One significant distinction between section 12 of the Rent Act 1977 and para 10 of Schedule 1 to the Housing Act 1988 is that the latter requires the landlord (who must be an individual and, hence, not a company or institution) to occupy another dwelling-house in the flat or building (as the case may be) “as his only or principal home” as opposed to merely “as his residence”. This, of course, marks a significant change in terminology from the Rent Act 1977 and derives from the condition which a public sector tenant must satisfy to qualify as a secure tenant: see section 81 of the Housing Act 1985. The Rent Act case-law must, therefore, be viewed with some caution when applying the same to the new legislation under the 1988 Act. Undoubtedly, occupation of a dwelling-house does not require continuous presence and clearly physical absences (even if prolonged) will not necessarily jeopardise the status of a resident landlord under the 1988 Act.
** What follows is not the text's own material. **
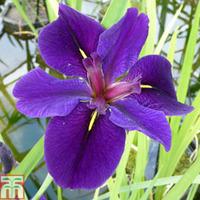 Iris louisiana \'Black Gamecock\' (Marginal Aquatic) - 1 x 1 litre potted iris plant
Where the absence is prolonged, it seems likely that the elements of an intention to return coupled with the requisite symbol of occupation may be prayed in aid in establishing continued occupation despite a lack of physical presence at the premises: see Poland v Earl Cadogan (1980) 250 EG 495 on the meaning of the similar phrase “only or main residence” used in section 1(2) of the Leasehold Reform Act 1967 and Crawley Borough Council v Sawyer (1987) 20 HLR 98 decided under the 1985 Act. However, not only must the landlord occupy the dwelling-house under para 10 but he must also occupy it as his only or principal home. Accordingly, the absent landlord may lose his privileged status, not because he has ceased to occupy the premises in law, but because he is living somewhere else during the time of absence and that somewhere else is found to be his principal home.

Undoubtedly, where there is a genuine case of a landlord occupying two homes, it will be a question of fact and degree which of the two is the principal one. For example, in Frost v Feltham [1] 1 WLR 452, Nourse J held that a publican who lived above his pub, which was rented, and who spent two or three days a month in a house he owned in Wales (being the only property he actually owned) was entitled to claim the house in Wales as his “only or main residence” for the purposes of mortgage interest relief under the income tax legislation. The house in Wales was his “more important” residence of the two and the issue depended on looking at all the circumstances and not just the way in which the taxpayer divided his time between the two residences: see also Fowell v Radford (supra), where Lord Denning MR accepted that the whole history and circumstances were all relevant factors in the equation.

What is absolutely clear, however, is that, unlike under the Rent Act 1977, it would be quite contrary to the intention of the draftsman under the 1988 Act to permit a landlord to qualify under para 10 in more than one property.